Valérie Minetto : La pulsion scopique, c’est ma passion. Dans le film, c’est moi qui cadre. Je passe mon temps à fabriquer des images que ce soit dans le cinéma, la peinture, les collages ou la photographie. C’est l’activité principale qui me fait tenir debout, sinon j’aurais envie de crever. De fait, quand on fait un film sur des textes aussi beaux et inspirants que ceux d’Annie Le Brun, il faut faire attention de ne pas tomber dans le piège de l’illustration, ce qui est très difficile. Ainsi, cette question de comment créer une image qui donne à penser m’a hantée pendant trois ans et demi. J’étais tout le temps en train de filmer, regardant le monde avec les textes d’Annie en tête. C’est un voyage intérieur de regarder le monde, ce n’est pas se déplacer à l’autre bout de la planète, c’est regarder d’abord ce qu’on a autour de soi. On ne voit pas tous la même chose. Je ne voyais pas la même chose dans mon quotidien qu’en compagnie d’Annie Le Brun à Paris, Saint-Malo ou Zagreb.
Votre façon de filmer la beauté des paysages du quotidien – les tâches sur les murs, les brins d’herbe sur les trottoirs, la pluie sur la foule – fait écho avec ce que disait Arthur Cravan : « Les abrutis ne voient le beau que dans les belles choses. »
Valérie Minetto : L’écrivain allemand Heinrich Böll disait également« partout où régnait la beauté, le monde était aride et vide ». Il s’agit de regarder ce qu’on a sous les yeux. C’est le propos d’Annie Le Brun : avec un peu d’imaginaire, on peut voir différemment. Il y a une phrase surréaliste qui dit : « Que ceux qui ne voient pas pensent à ceux qui voient. » Il y a beaucoup de gens qui ne voient pas. Mon idée était que les spectateurs, en sortant du film, voient enfin ce qu’ils regardent, la sensualité de ce qui nous entoure.

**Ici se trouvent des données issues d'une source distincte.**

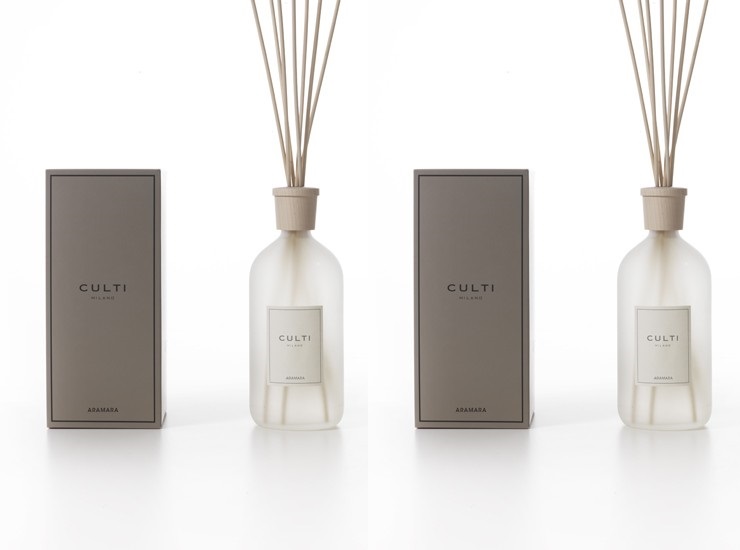 Culti Stile 1000ml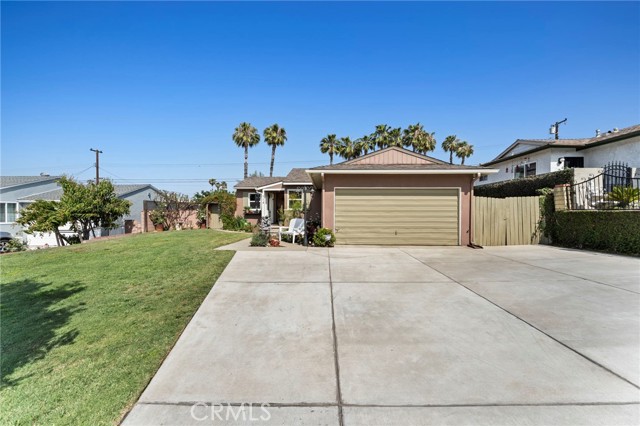 Image 3 for 714 Greycliff Ave, La Puente, CA 91744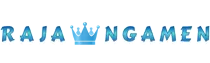 RAJANGAMEN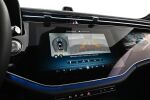 Hopea Farmari, Mercedes-Benz E – VAR-09410, kuva 23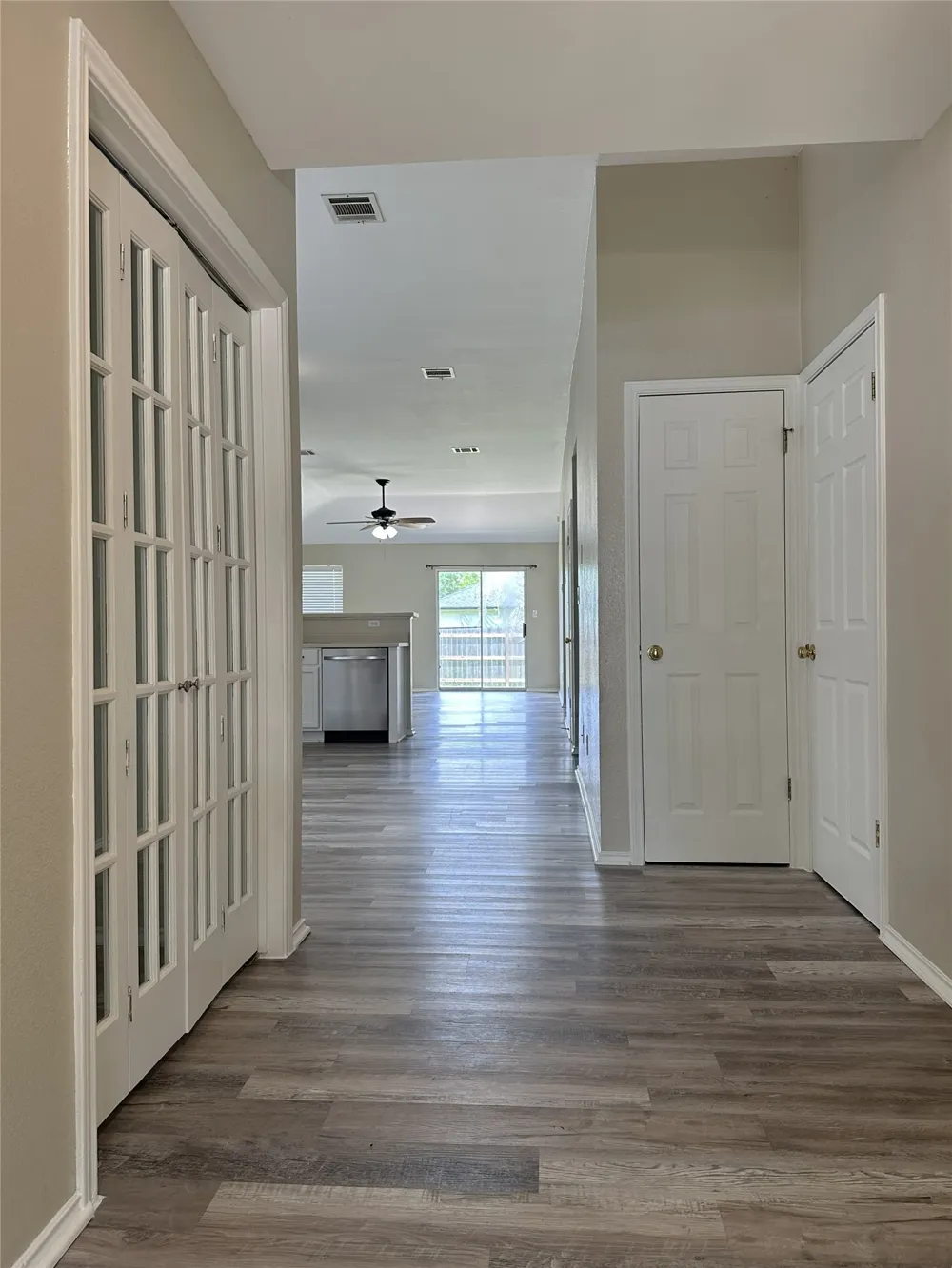 610 Riverway Lane Leander, TX 78641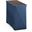Fractal Design Case Era 2 Midnight Blue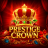 Prestige Crown logó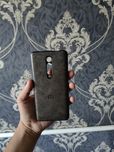 Mi T9 6/128gb sotiladi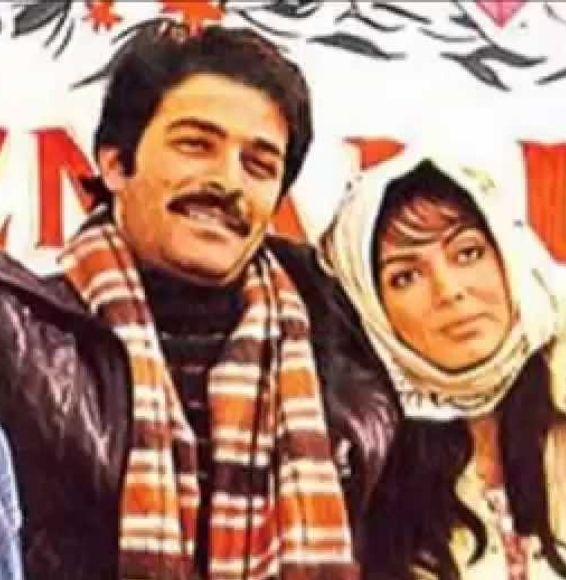 En İyi Ödüllü Aşk Filmleri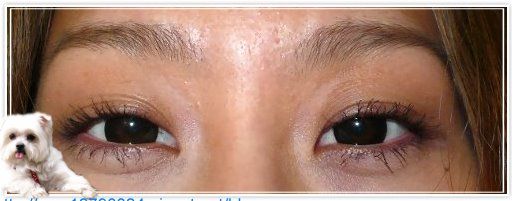 {好物}『又長又濃又翹』的美睫毛∼『Maybelline摩天濃睫毛膏』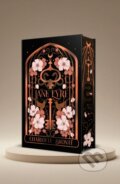 Kniha: Jane Eyre (Wordsworth Empress Collection) (Sally Minogue). Wordsworth Editions, 2026 Kniha: Jane Eyre (Wordsworth Empress Collection) (Sally Minogue). Wordsworth Editions, 2026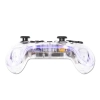 Gamepad Marvo GHOST 40, bezprzewodowy, 17 przycisków GT-88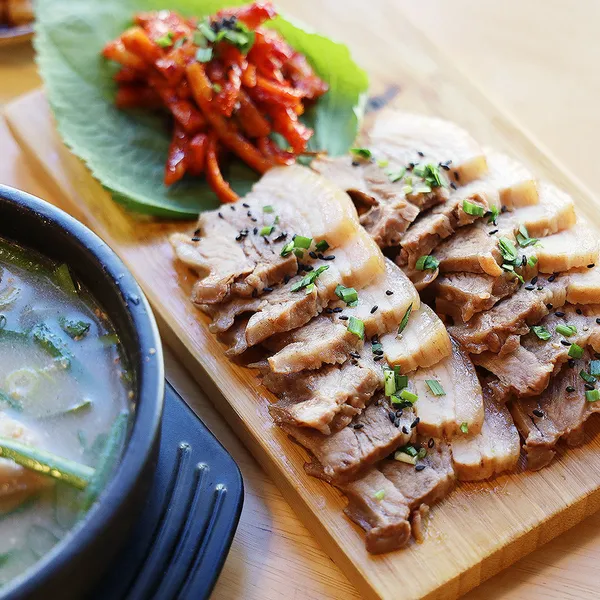 늘소담 사진 5
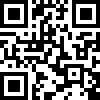 https://imna.ir/x8qsQ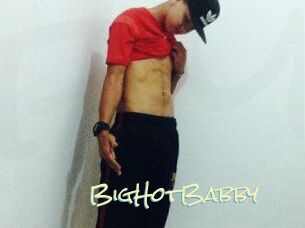 BigHotBabby
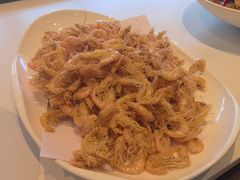 -大连湾旭日饭店(大连湾店)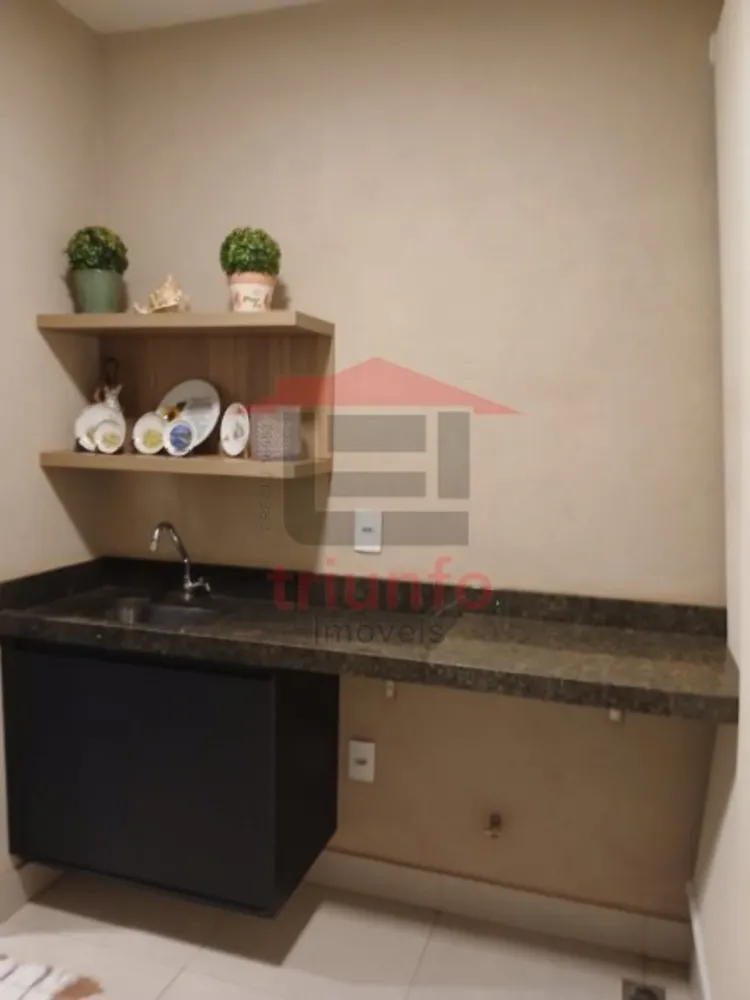 Apartamento, 2 quartos - Foto 7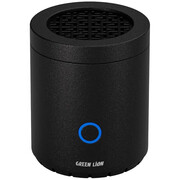 فروش خوشبو کننده هوا گرین لاین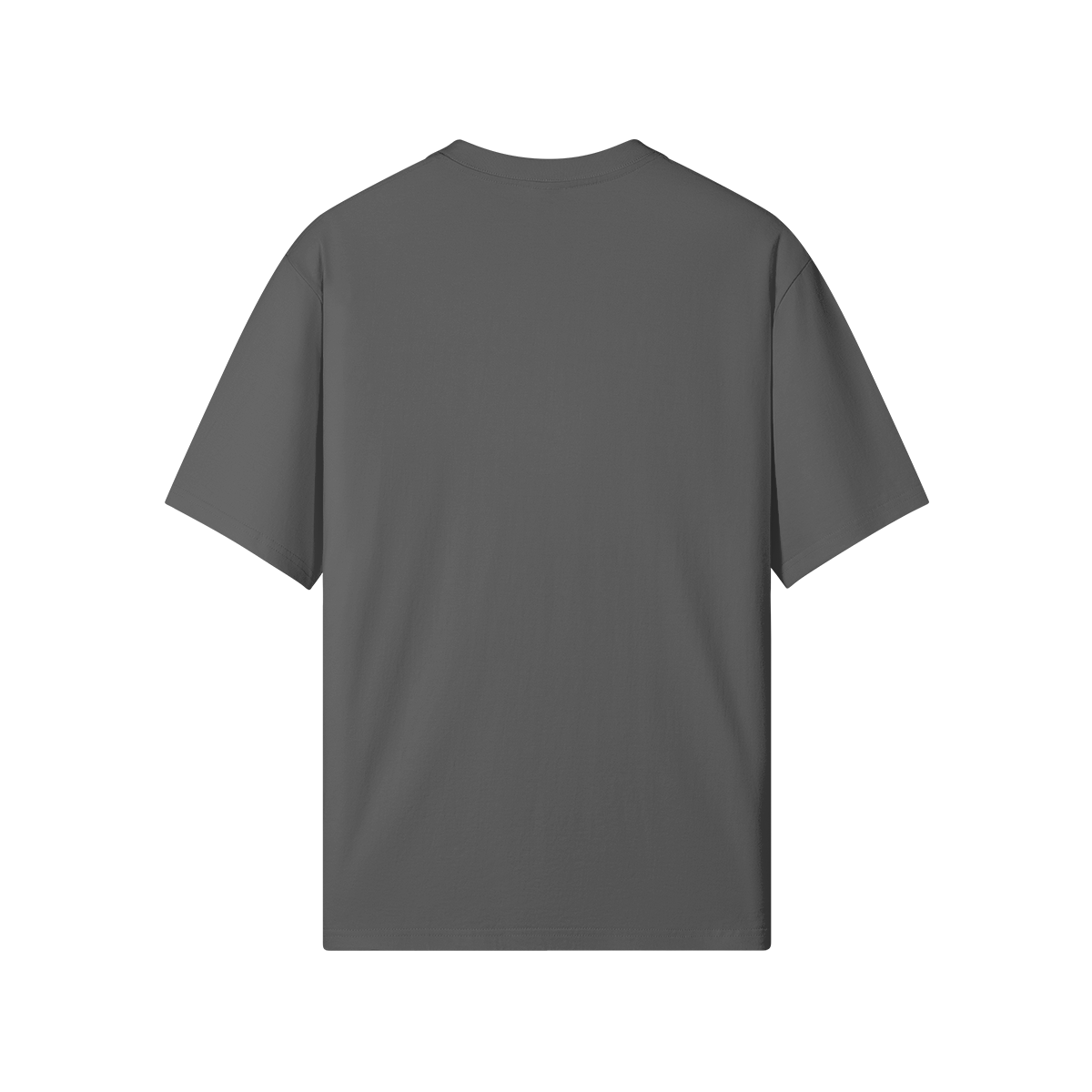 store-1783483931040-4618878824.png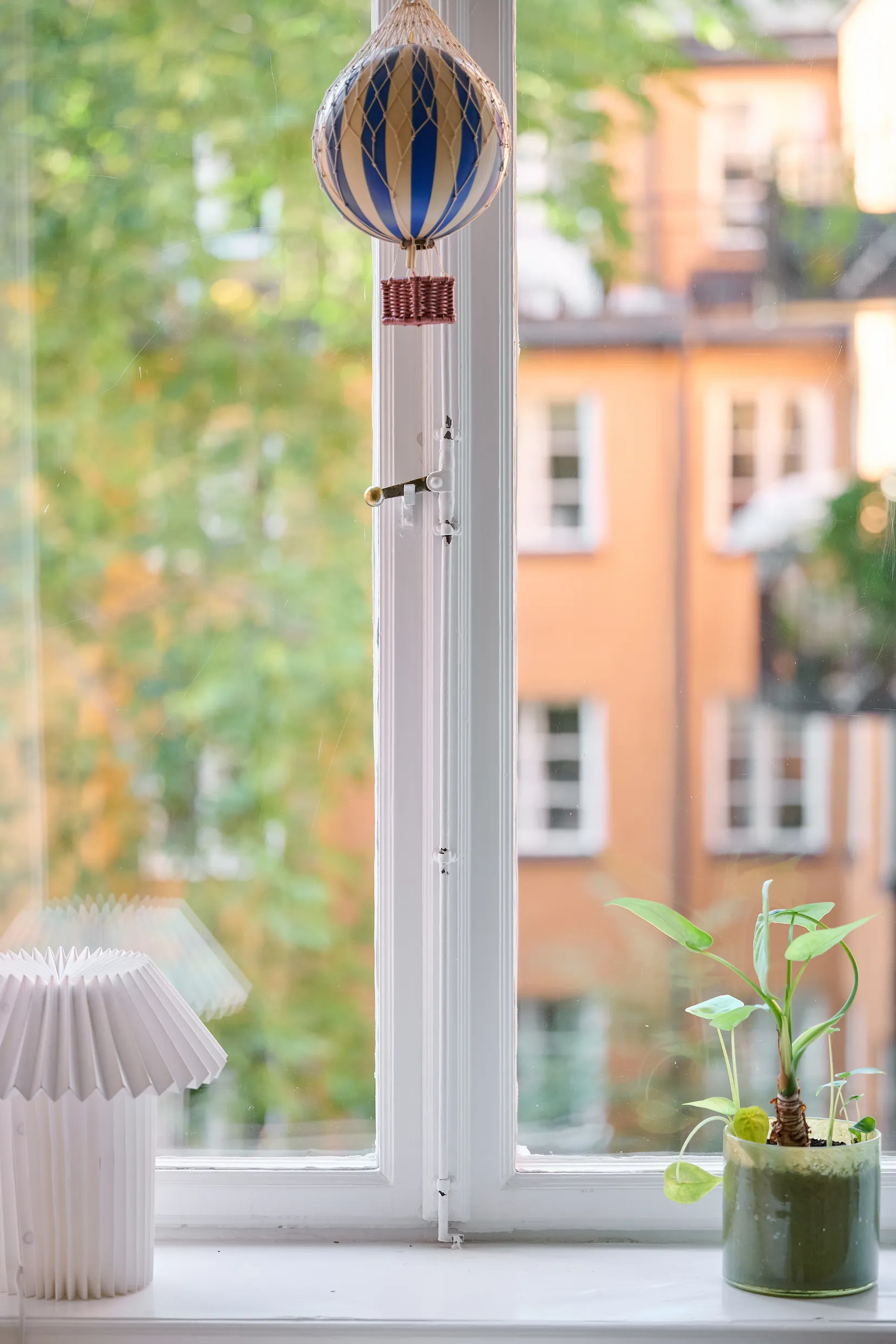 Bostadsrätt, Lindvallsgatan 2, Södermalm Högalid, Stockholm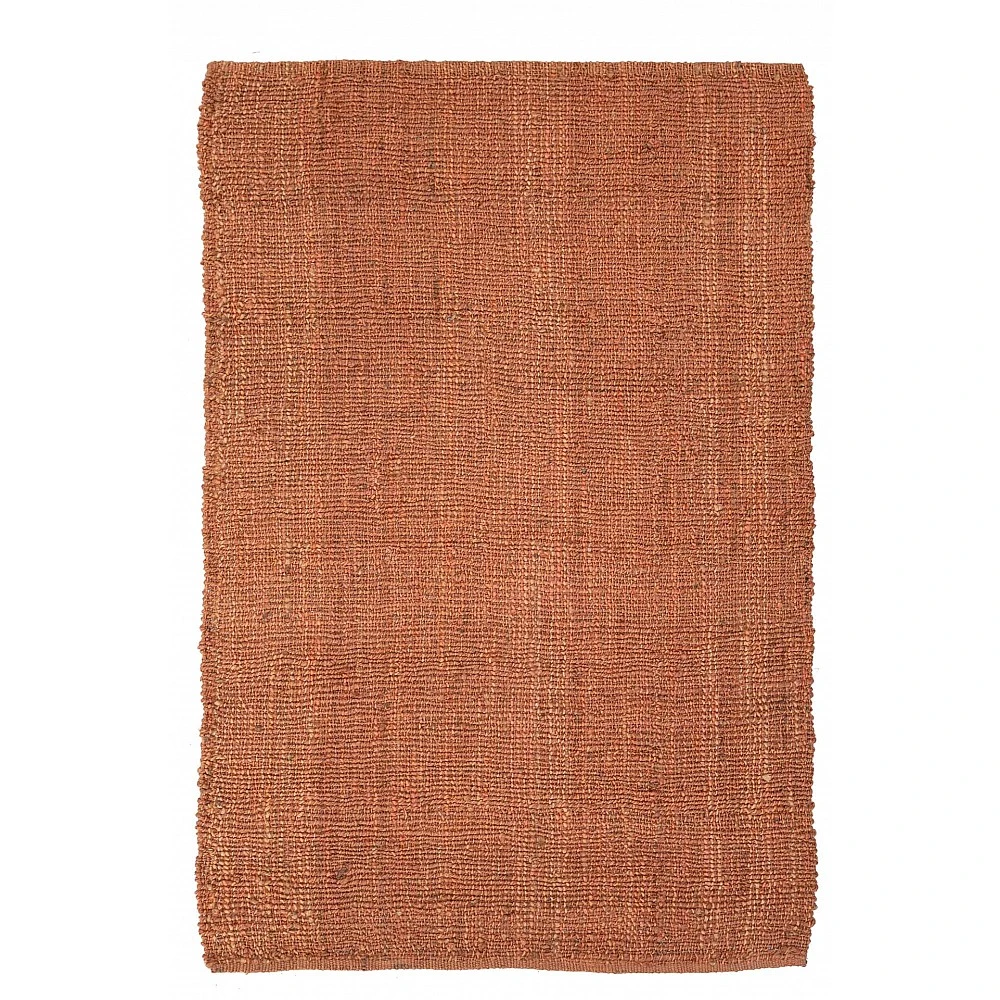 Χαλί Sorina RUST Royal Carpet - 200 x 300 cm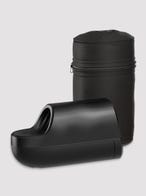 Arcwave Ion 2 Pleasure Air Masturbator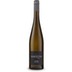Ingelheimer Horn Riesling Auslese edelsüß 
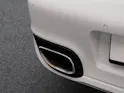 Porsche 911 Turbo S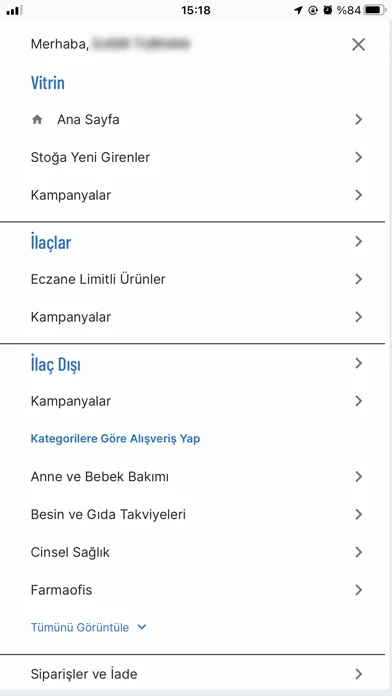 İSKOOP e-Şube Mobil Uygulaması应用截图
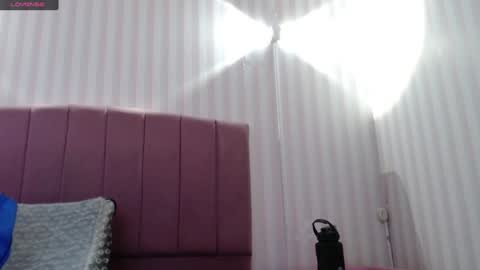 Sofa online show from 01/27/25, 11:11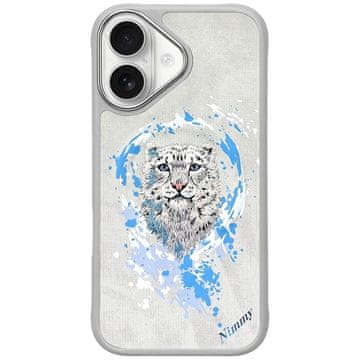1 to 3 OVITEK NIMMY PANTHER ZA IPHONE 16 PRO Z MAGNETNIM ZAPIRANJEM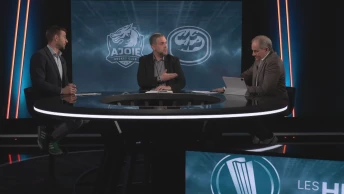 Journée du 31 mars 2026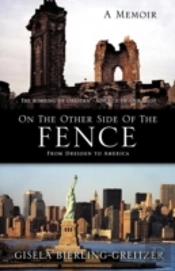On The Other Side Of The Fence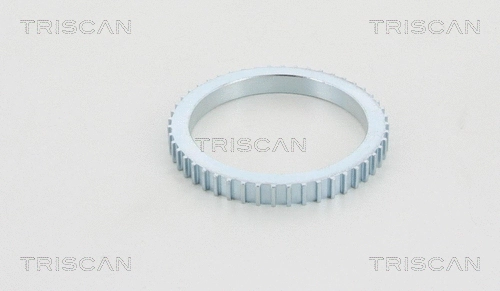 Sensor Ring, ABS (8540 28401)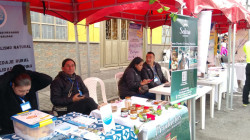 Prográmese hoy con la Feria Villamaría Expo 2024, opciones para todos los gustos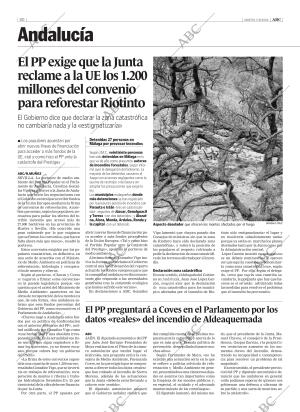 ABC CORDOBA 07-09-2004 página 50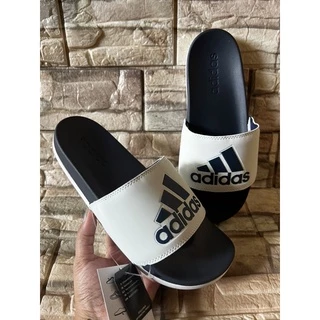 Cloudfoam slides womens sale best sale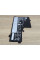 Оригінальна акумуляторна батарея Lenovo L19M3PG1 Б/В
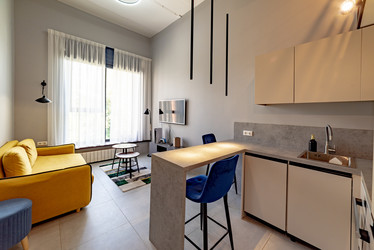 Similar image 22296400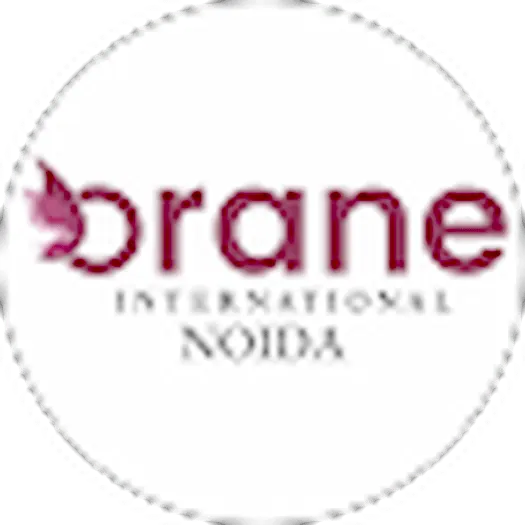 oraneinternationalschoolofhairmakeupbeautynoidalogo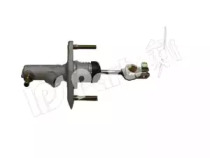 IPS PARTS ICM-2499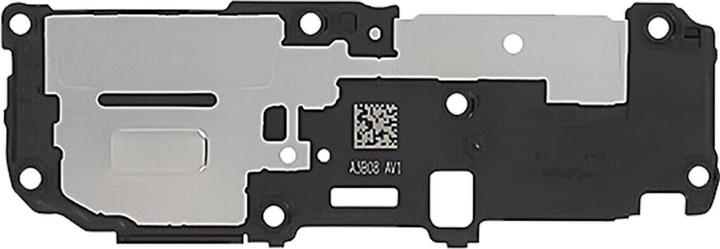 Produktbild Samsung GH96-16552A Lautsprecher (Samsung Galaxy S24)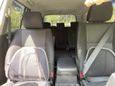 SUV   Suzuki Grand Vitara 2006 , 590000 , 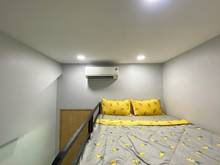 Hình ảnh 🔔 (CHỈ HÔM NAY) 🔔 Mb6623 nạp rút nhanh chóng SIÊU XINH ở Phan Xích Long chỉ 5tr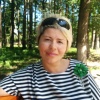 Журавлева Наталья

Selon le critique Ado Kyrou, « le cinéma est d’essence surréaliste ». Passionnellement attachée au surréalisme – notamment à André Breton – Annie Le Brun parle pourtant rarement de cinéma dans ses œuvres. En avez-vous appris davantage sur son rapport au 7e art en travaillant avec elle ?
Cécile Vargaftig : Pas vraiment, même si elle aime les comédies des années 1940. Elle très sensible à la peinture et aux images fixes. Il me semble que la dimension abstraite et anti-narrative du cinéma surréaliste la séduit moins. C’est aussi une femme du XVIIIe et du XIXe siècle qui est très attachée à la narration.
Valérie Minetto : Son rapport au cinéma en général je ne le connais pas, mais par rapport au film qu’on a fait ensemble, j’étais très heureuse de sa façon de réagir pendant la projection – mes yeux étaient fixés sur elle – lorsqu’elle frémissait durant certains passages poétiques. C’était vraiment passionnant et passionnel de faire ce film. Il y a eu des moments très compliqués et très intenses durant le montage et j’étais comblée qu’elle trouve que mes images éclairaient ses textes. Un journaliste m’a, un jour, taillé un costume en parlant d’“habillage” alors que tous les plans sont signifiants. Rien n’est filmé au hasard.
Cécile Vargaftig : C’est compliqué de trouver des images qui permettent d’entendre le texte et des paroles qui permettent de rester attentif aux plans.
Valérie Minetto : En somme, il ne fallait pas que les images écrasent le texte. La première fois que l’on voit le film, on ne peut pas être attentif à tout car c’est très dense. Il faut accepter de se laisser embarquer dans un voyage sensitif. Le but était de donner la possibilité au spectateur d’entendre mais pas de tout retenir, bref de rêver. Annie affirme d’ailleurs sa préférence pour les chemins de traverse que pour les routes…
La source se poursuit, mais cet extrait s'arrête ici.